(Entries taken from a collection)

----

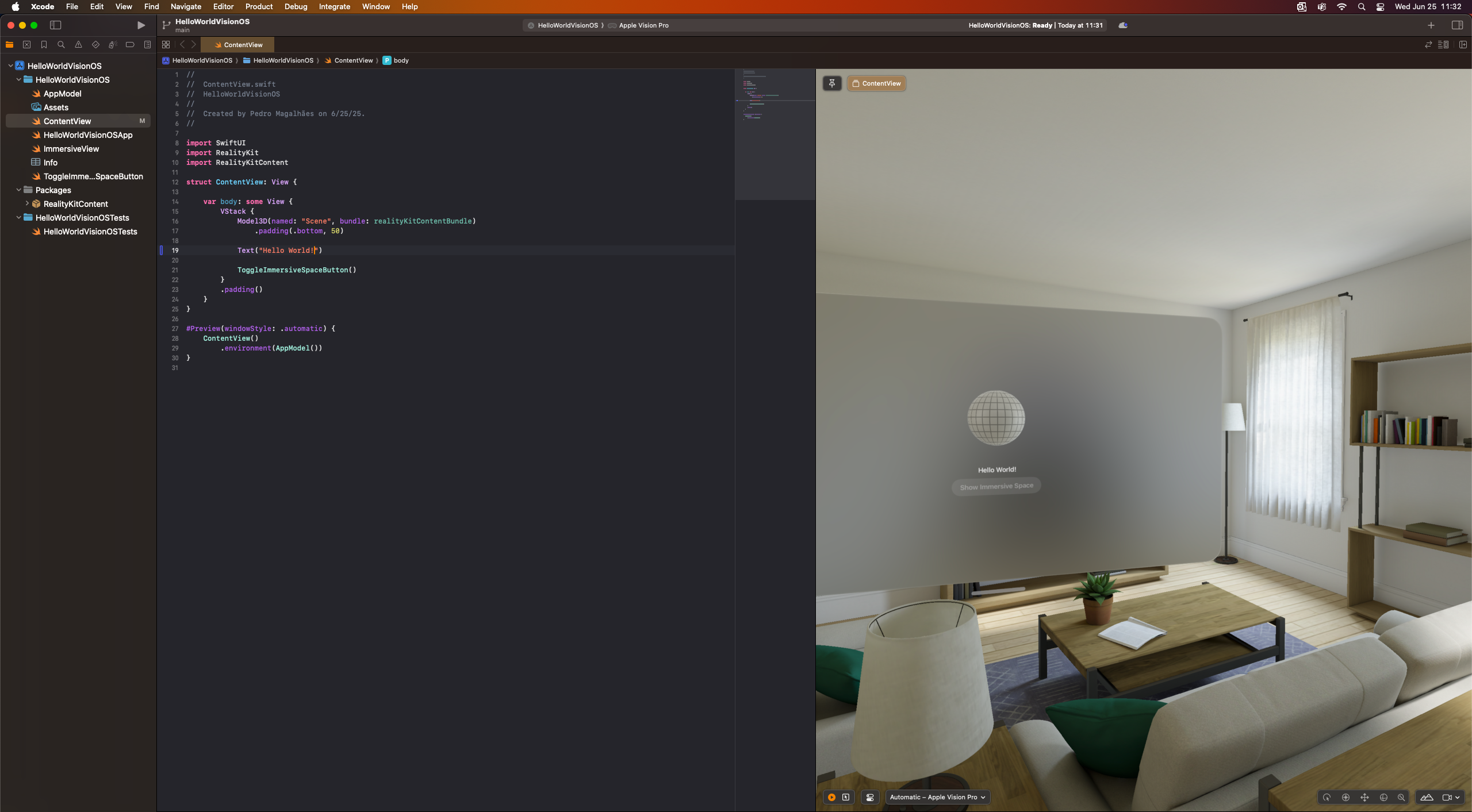 Building for Apple Vision Pro: Part 1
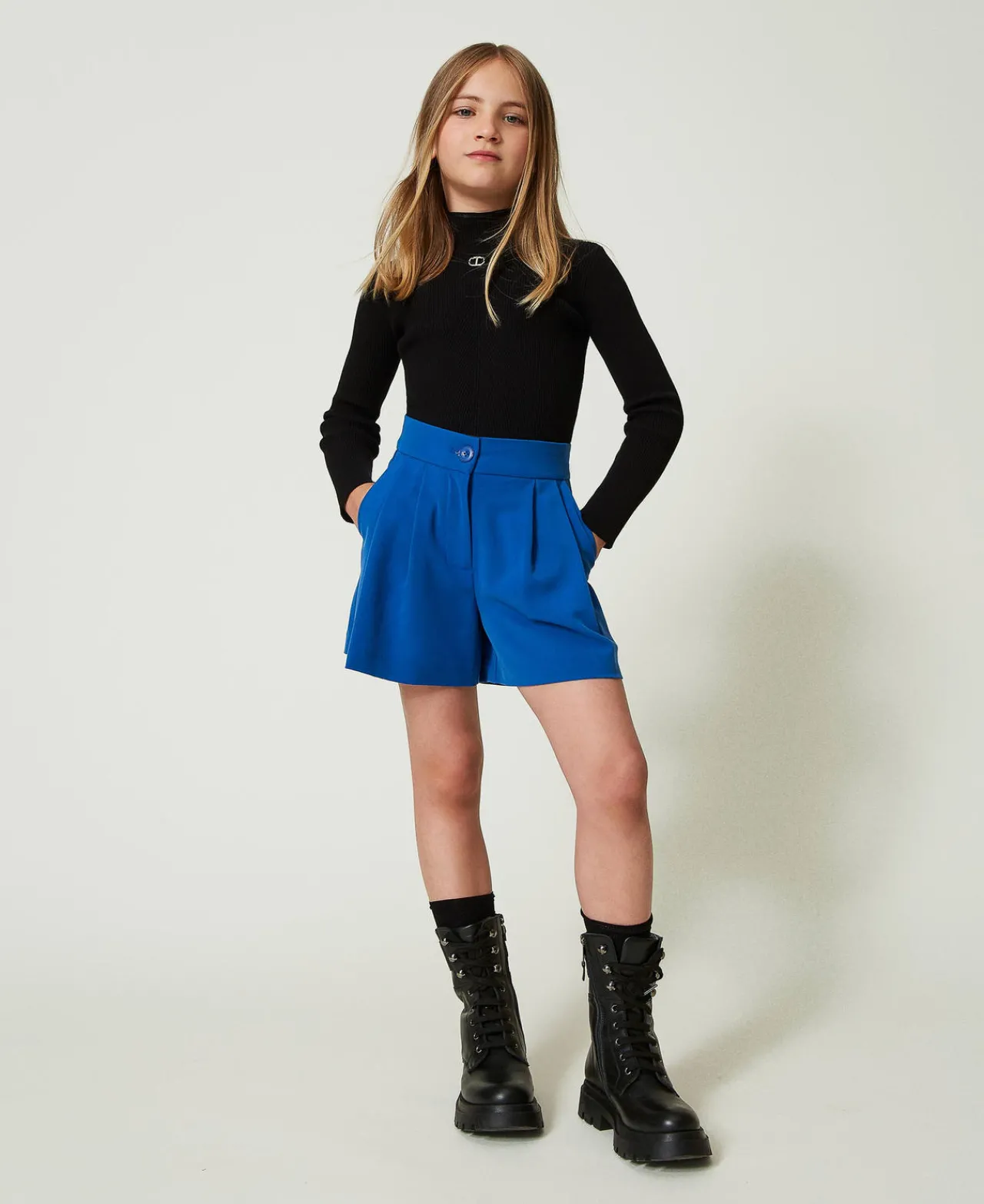 Pantalons Et Jeans*TWINSET Milano Short En Flanelle Bleu « Surf »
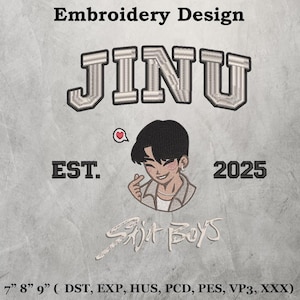 May include: An embroidery design featuring the name "JINU" in silver, block letters above an illustration of a smiling anime-style character. The design includes the text "EST. 2025" and "Spirit Boys" below the character. The design is available in 7", 8", and 9" sizes.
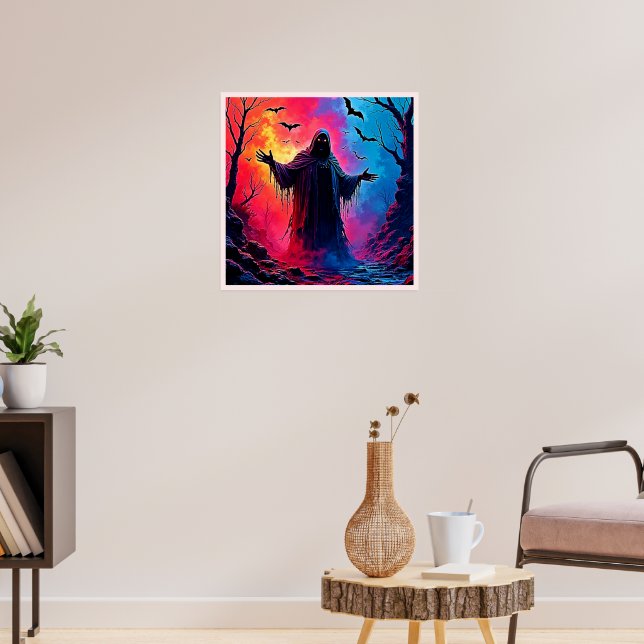 Jagddämon im Schatten-Design geschlossen Poster (Wohnzimmer 3)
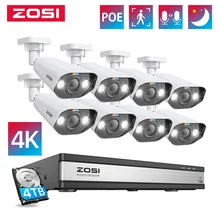 ZOSI 16CH 4K PoE Home Security Camera System 8MP NVR Set Outdoor Indoor Color Night Vision AI IP Camera Video Surveillance Kit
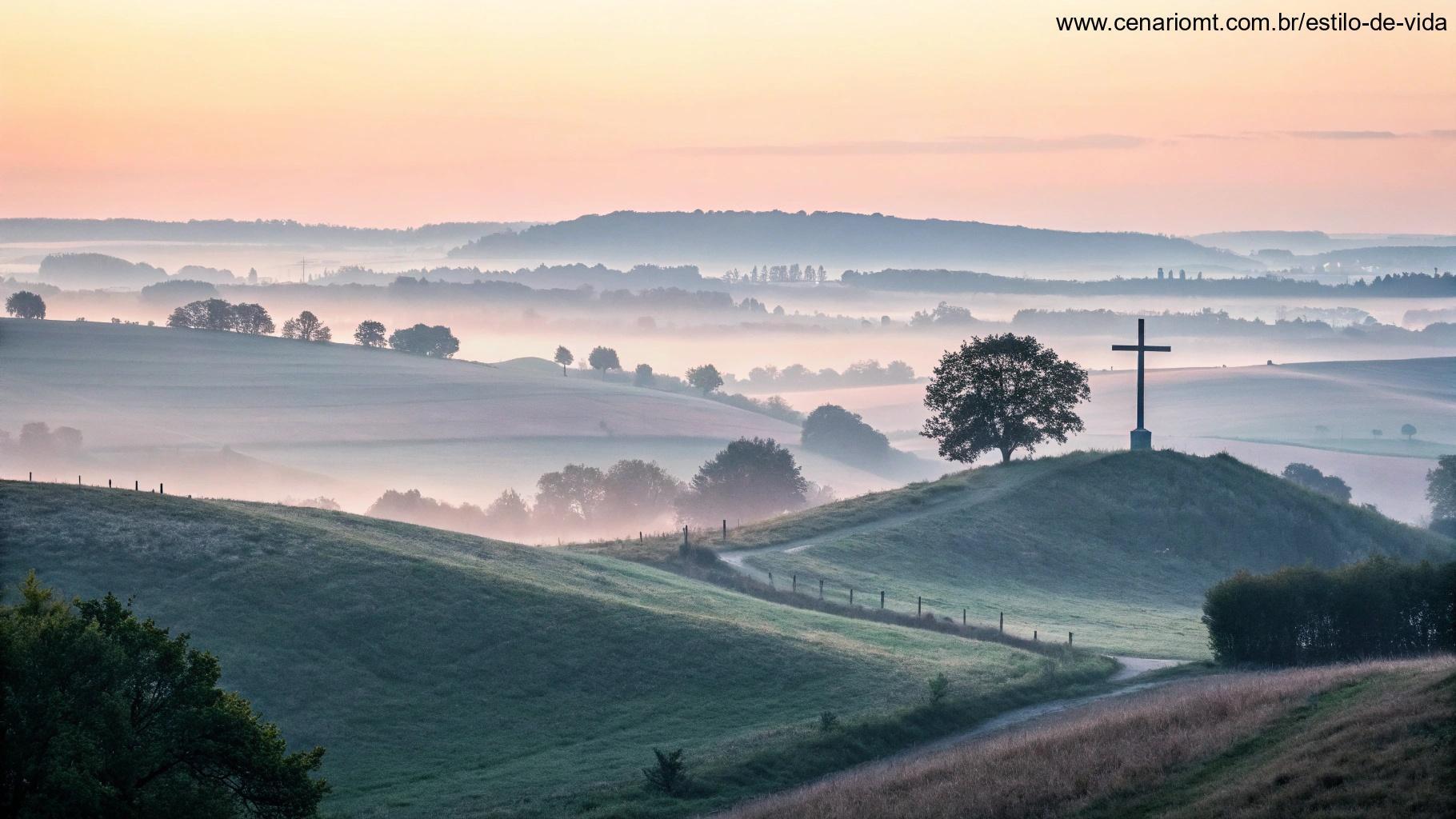 Paisagem tranquila ao amanhecer com colinas suaves e uma cruz ao longe.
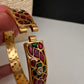 Multicolor Jadau Kundan Openable Single Bangle - size 2.6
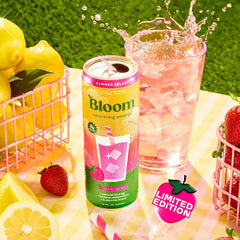 Bloom Nutrition Sparkling Energy Drink - Natural Caffeine, Zero Sugar, 180mg Caffeine - Antioxidant-Rich with Green Coffee Bean, Green Tea Extract, Prebiotics - Summer Splash - 12oz 12 Pack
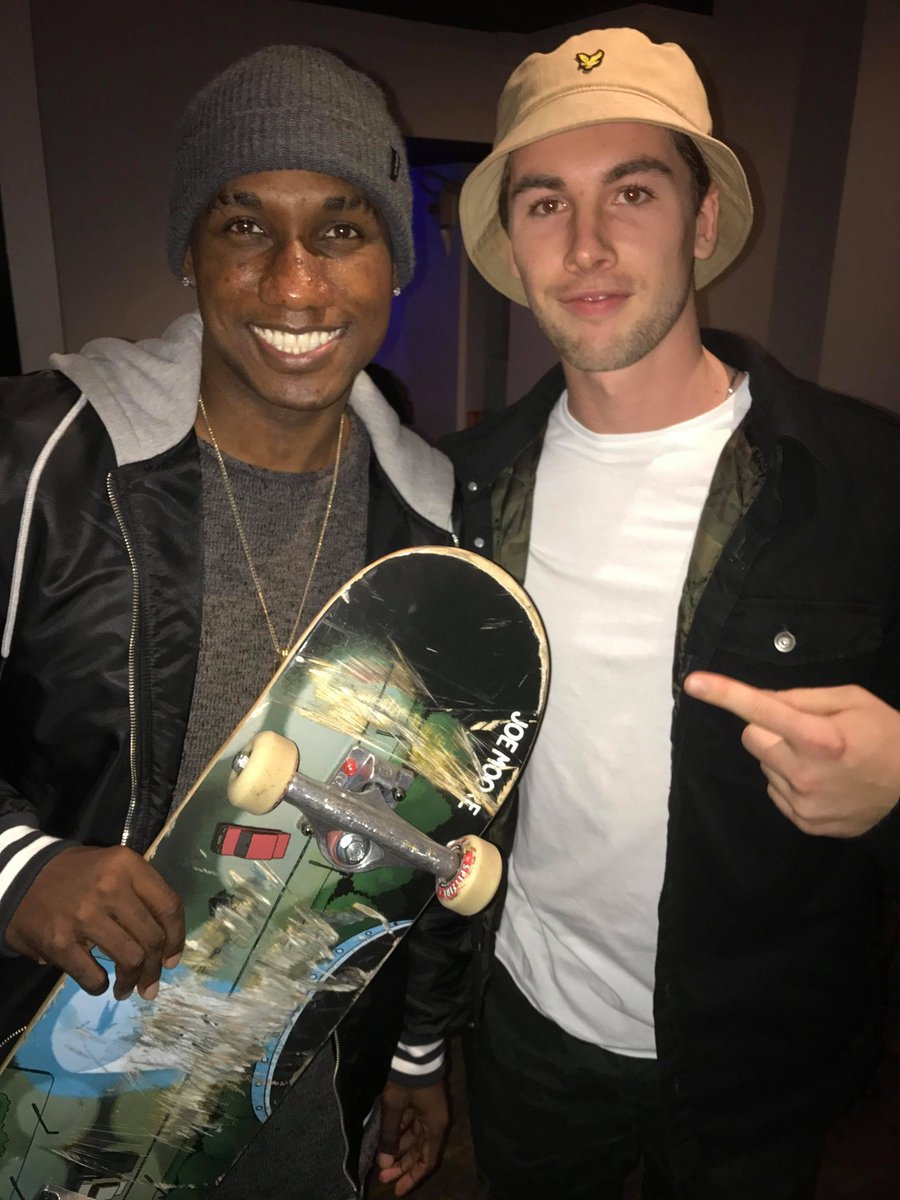 Nice to see @hopsin managed to fit in a game of skate with our man Toby  Booth. Got those 360 flips down we hear 👊 #Wighttrash #tobybooth #Hopsin  #hiphop #skateboarding #skater #gameofskate #londonfun, image size:900x1200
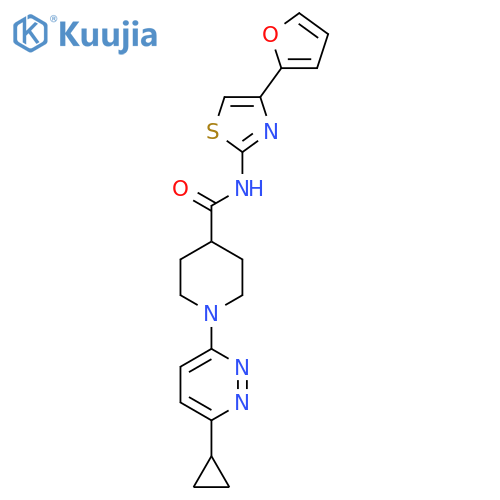 1-(6-cyclopropylpyridazin-3-yl)-N-[4-(furan-2-yl)-1,3-thiazol-2-yl]piperidine-4-carboxamide structure
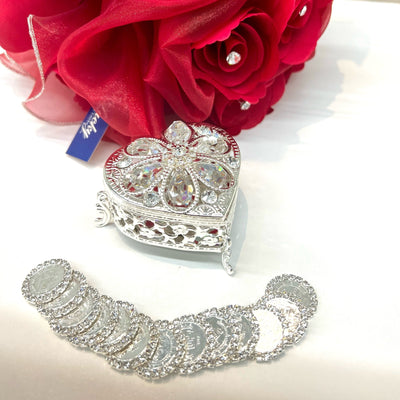 Arras Box and Coins - Crystal Heart -Wedding Coin Ritual (Las Arras Matrimoniales)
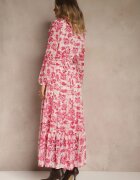 rosa Rochie Fucsia Florală Maxi cu Volane și Cordon din Material Textil Ayvie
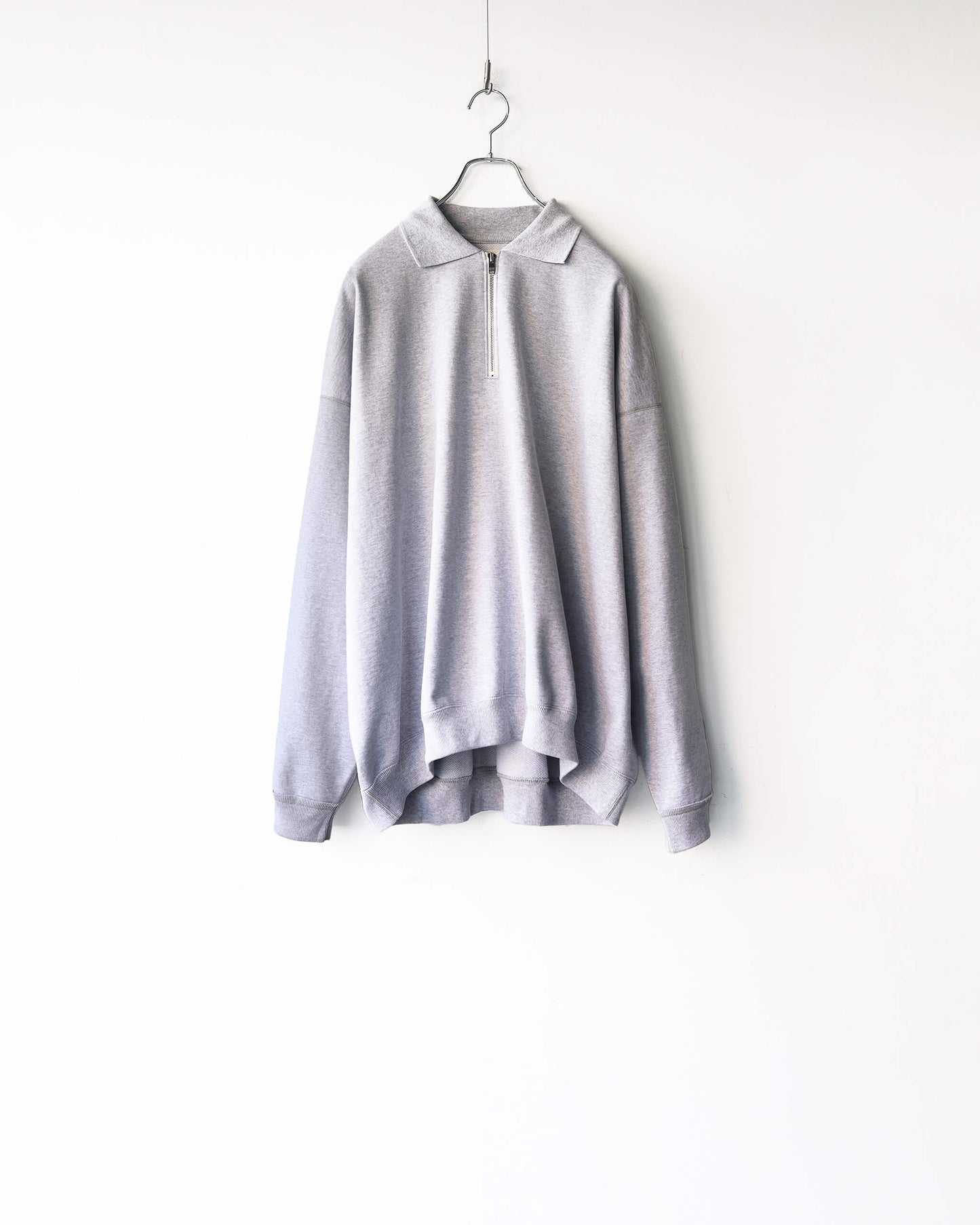 HALF ZIP POLO ORGANIC COTTON HEAVY FLEECE "ASH GRAY"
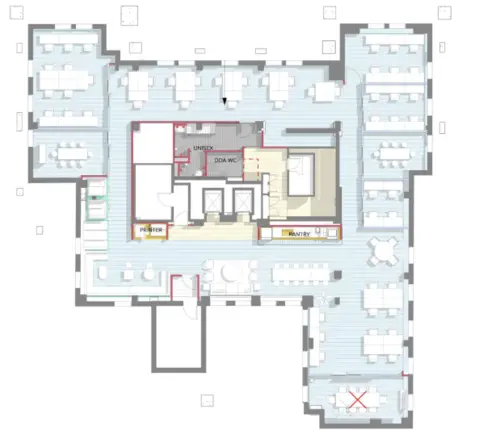 Floor plan of full time office workspace in Wework Marylebone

----

> **Assignment**
Copy out all the data exactly. No images belong in the copy.

> **Response area**
 Building for Apple Vision Pro: Part 1
 Pantalons Et Jeans*TWINSET Milano Short En Flanelle Bleu « Surf »
 May include: An embroidery design featuring the name "JINU" in silver, block letters above an illustration of a smiling anime-style character. The design includes the text "EST. 2025" and "Spirit Boys" below the character. The design is available in 7", 8", and 9" sizes.
 Jagddämon im Schatten-Design geschlossen Poster (Wohnzimmer 3)
 ZOSI 16CH 4K PoE Home Security Camera System 8MP NVR Set Outdoor Indoor Color Night Vision AI IP Camera Video Surveillance Kit
 Paisagem tranquila ao amanhecer com colinas suaves e uma cruz ao longe.
 Multicolor Jadau Kundan Openable Single Bangle - size 2.6
 Bloom Nutrition Sparkling Energy Drink - Natural Caffeine, Zero Sugar, 180mg Caffeine - Antioxidant-Rich with Green Coffee Bean, Green Tea Extract, Prebiotics - Summer Splash - 12oz 12 Pack
 Nice to see @hopsin managed to fit in a game of skate with our man Toby  Booth. Got those 360 flips down we hear 👊 #Wighttrash #tobybooth #Hopsin  #hiphop #skateboarding #skater #gameofskate #londonfun, image size:900x1200
 1-(6-cyclopropylpyridazin-3-yl)-N-[4-(furan-2-yl)-1,3-thiazol-2-yl]piperidine-4-carboxamide structure
 Arras Box and Coins - Crystal Heart -Wedding Coin Ritual (Las Arras Matrimoniales)
 rosa Rochie Fucsia Florală Maxi cu Volane și Cordon din Material Textil Ayvie
 HALF ZIP POLO ORGANIC COTTON HEAVY FLEECE "ASH GRAY"
 Floor plan of full time office workspace in Wework Marylebone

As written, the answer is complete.